The teenagers had designed and built robots over six weeks in preparation for the Rocky Mountain BEST (Boosting Engineering, Science and Technology) game. Now, they came together at Metropolitan State University of Denver to compete in the sixth annual event, dubbed “Bet the Farm.” The teams engaged in three-minute matches that required their robots to plant and harvest “vegetables,” corral “pigs” and turn water valves to earn points.
The competition had all the electricity of an athletic competition with a crowd in the bleachers and announcers doing play-by-play as the robots engaged in four-team games until a final match among the top scorers. Judges and other manpower for Rocky Mountain BEST come entirely from volunteers, including MSU Denver professors and students, parents, and others who work to promote science, technology, engineering and math (STEM) education and careers.
BEST competitions are free for all students, which levels the playing field and enables any school to participate. A teacher-mentor leads each team. According to the national BEST organization’s Director of Marketing and Communications Deb Moore Ellsworth, “One of the clear focuses is to make sure that every student has access and gets the benefit from one-on-one work with a mentor. It’s a 360-degree view of what kids will need when they hit the workplace.”
Besides creating the robots using identical bins full of parts supplied by Rocky Mountain BEST, every team had to provide an engineering notebook with a detailed description of its process. Notebooks were scored using the same standards students might encounter in the real world, and scores were considered in selecting award winners, including those for creative design, robust machine, software design and simulation, and craftsmanship. An overall BEST Award was given to a team that also built an exhibit and made a marketing presentation; nine teams competed for the top award.
A Denver School of Science and Technology-Cole (DSST-Cole) team member summed up the BEST Award competition: “You get to build a robot, sure, but you also get to show your creative side. There are options to do other things, and it’s good to see how people solve the problem.”
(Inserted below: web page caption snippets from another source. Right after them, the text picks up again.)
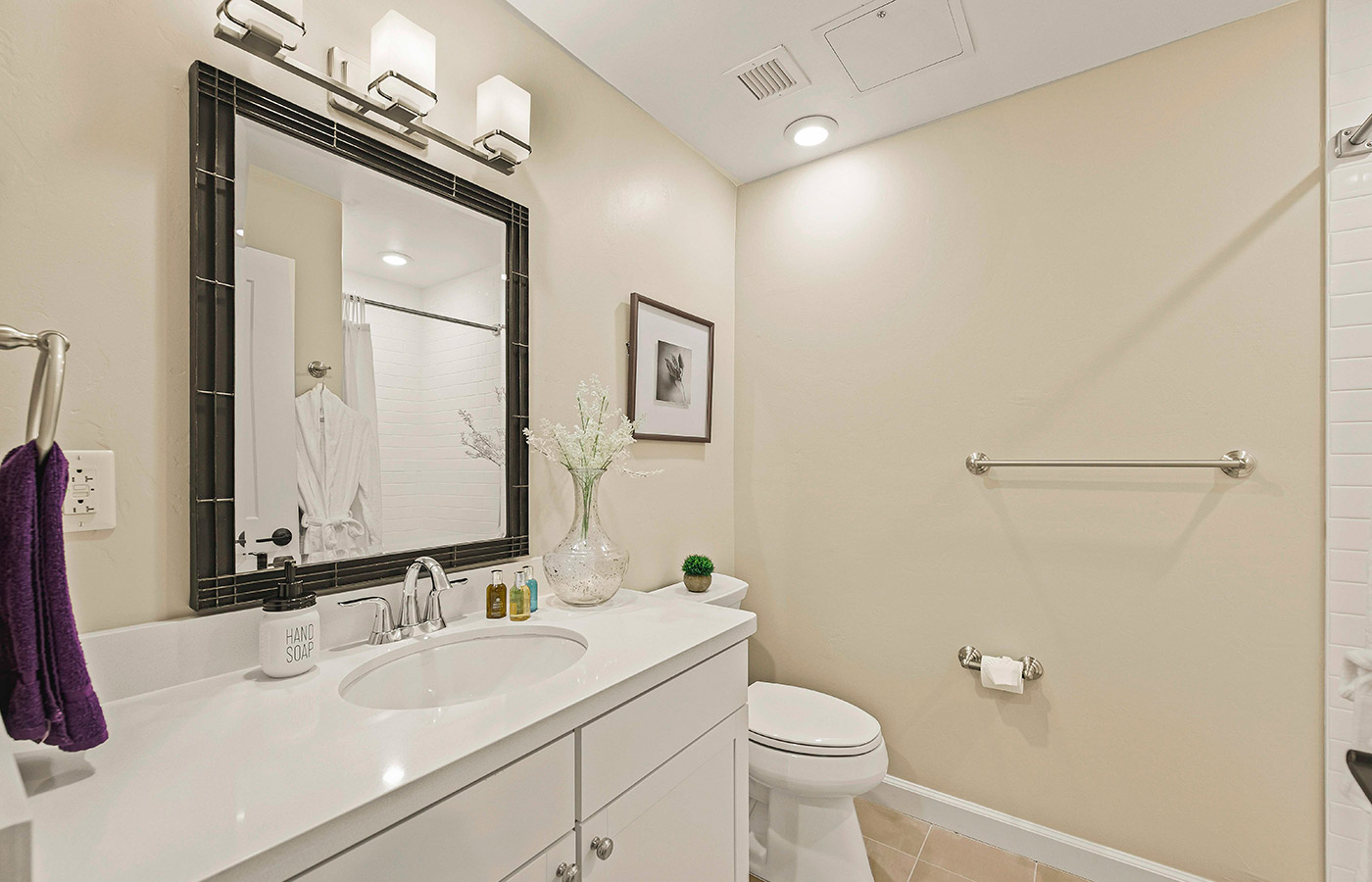 Bathroom with shower, toilet, and sink.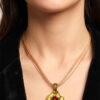 pendentif en laiton fondu et formé en pépites avec un cabochon de verre rouge au centre porté avec une chaine doublée d'un cordon par une femme ayant une chemise noire ouverte, style chic bohème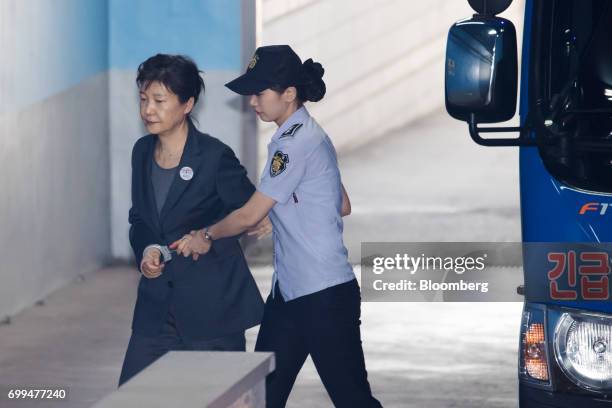 Park Geun-hye, former president of South Korea, left, is escorted by a prison officer as she arrives at the Seoul Central District Court in Seoul,...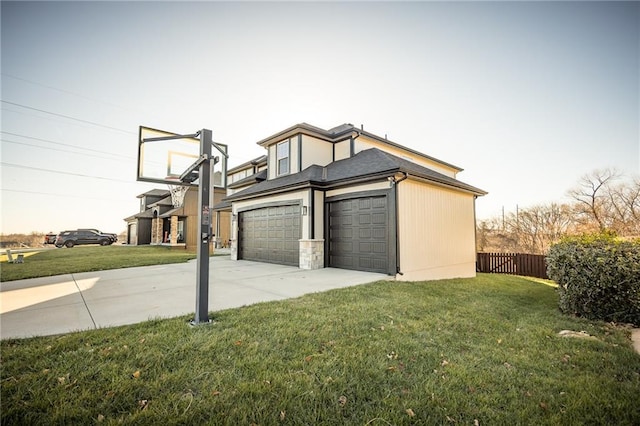 view of property exterior featuring a lawn and a garage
“It always surprises me, with the identical boxes that we give them, that the robots are completely different,” said Jose Lopez, executive director of Rocky Mountain BEST and an aviation and aerospace lecturer at MSU Denver. “I am amazed at the creativity.”
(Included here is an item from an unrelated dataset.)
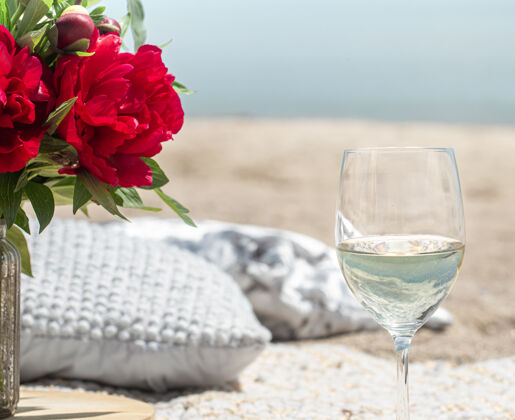 海滩带着鲜花和香槟的海边浪漫野餐度假的概念香槟玻璃浪漫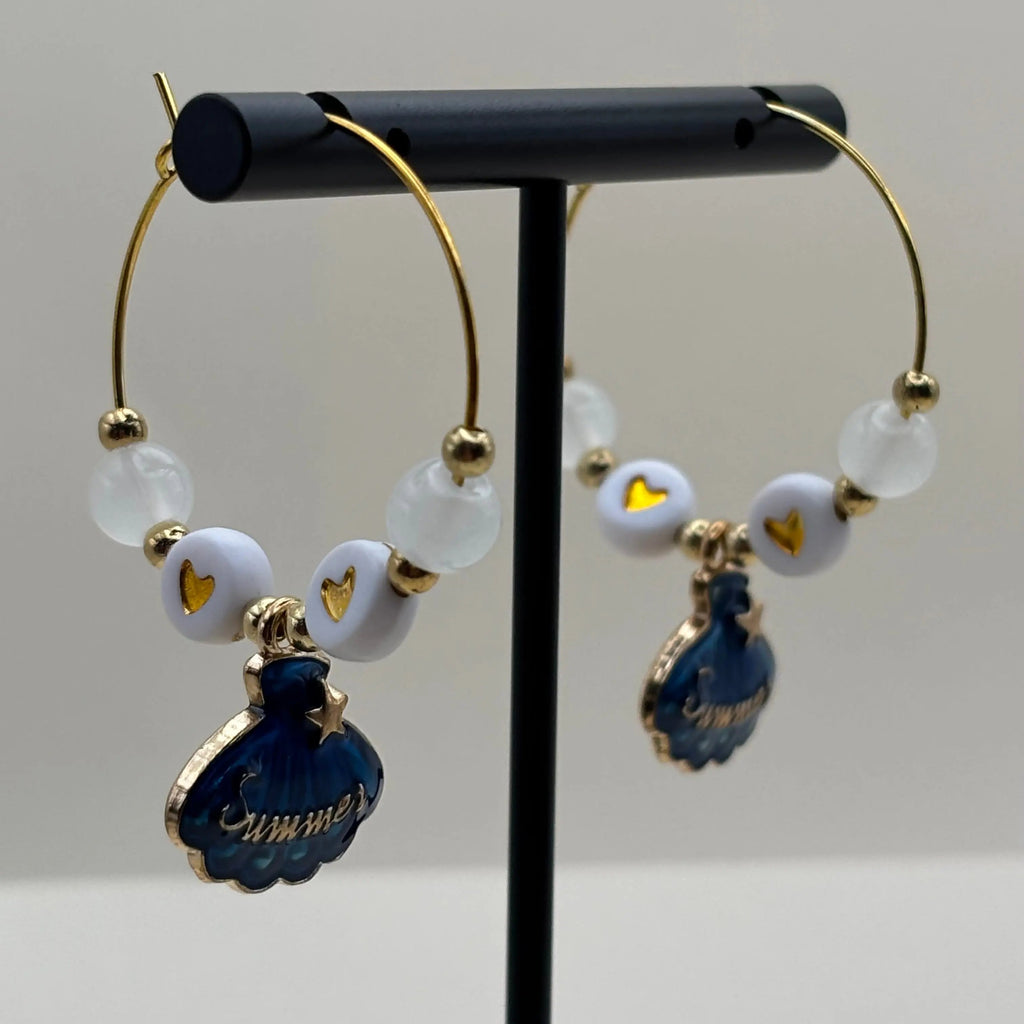 Des boucles d'oreilles créole avec breloque coquillage bleu et mot soleil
Solving problems and improving their robots between matches were handled in a curtained-off “pit” area behind the contest floor. Each team had a table, and most were littered with tools, duct tape, bits of wire, screws and other essentials. As their matches came up the teams moved their robots to a “ready” table to be checked by judges. Then it was on to the next match-up.
The 24 by 24-foot game floor was divided into quadrants. Every robot was handled by a single driver and a spotter who watched for obstacles and advised on the best path to take for planting seeds (golf balls), harvesting ears of corn, heads of lettuce and tomatoes, delivering the vegetables to the appropriate bins or produce stands, turning a water valve, and corralling toy pigs into a pen. Teams – ranging in size from three to almost 50 – and anxious parents clustered behind the action to cheer on the competitors.
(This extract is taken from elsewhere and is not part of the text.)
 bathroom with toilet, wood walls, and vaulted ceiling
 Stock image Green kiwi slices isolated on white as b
Each team’s teacher-mentor provided advice and expertise, but parents and teachers could not perform hands-on work. According to New Vista High School (Boulder) teacher-mentor Stephen Shepherd, performing any work “would be like me stepping up to bat for a kid.” He said his team worked three or four days a week after school and some nights.
Ron Livingston, the Wheat Ridge High School teacher-mentor, said he’s brought a team to the competition every year but the first in 2010. His nine-member team made it to the final four this year for the first time. He loves the job, and said it’s very intense. “Lots have never designed and built something, and it’s hard,” he said. “It’s a very valuable experience for kids because it’s hands-on application of what they learn in their math, science and engineering courses – an opportunity to explore the whole engineering design cycle and either confirm or refute the notion they might do this kind of work for a living.”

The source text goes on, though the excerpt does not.